JOSÉ GARCÍA VILLAS
(Santalecina, 1910 - San Pedro Sula, Honduras, 1965)
Muy pronto le llegó la vocación por el sacerdocio a este vecino de Santalecina pues a los diez años entró en el Seminario Menor de lo Padres Paúles en la villa de Belpuig (Lérida). A los dieciséis acató los votos de pobreza, castidad y obediencia para formar parte de la Congregación de la Misión. Finalmente en marzo de 1933 es ordenado en la Capilla del Palacio Episcopal de Barcelona por el obispo mártir Manuel Irurita.

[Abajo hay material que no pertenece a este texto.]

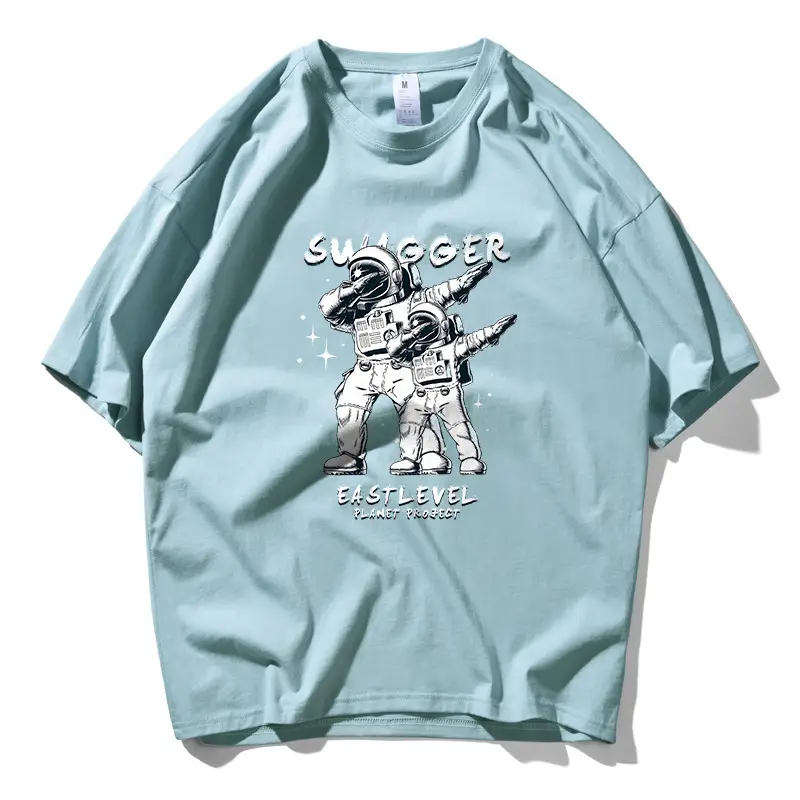 Summer T-shirt Men And Women Pure Cotton Loose Astronaut Print Short Sleeve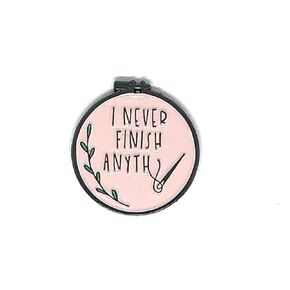 I Never Finish Anything Pink & Black Sarcastic Enamel Needle Minder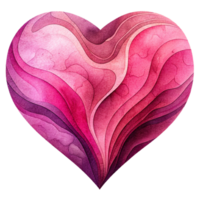 AI generated heart shape watercolor png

Destinado a la misión de Honduras, llega a este país el 16 de julio de 1933. Durante diez años permaneció en San Pedro Sula dedicado a la vida misionera.
En 1944 es nombrado Cura Párroco de la ciudad-puerto de La Ceiba, asumiendo la responsabilidad también como Superior de la Comunidad de Padres Paulinos de La Ceiba. Permaneció en esta localidad hasta 1963 salvo un intervalo de un año entre 1957 y 1958 en que fue destinado a Villanueva. Fue una persona muy querida por los ceibeños y en 1953 logró uno de sus sueños al inaugurar la nueva iglesia de La Ceiba.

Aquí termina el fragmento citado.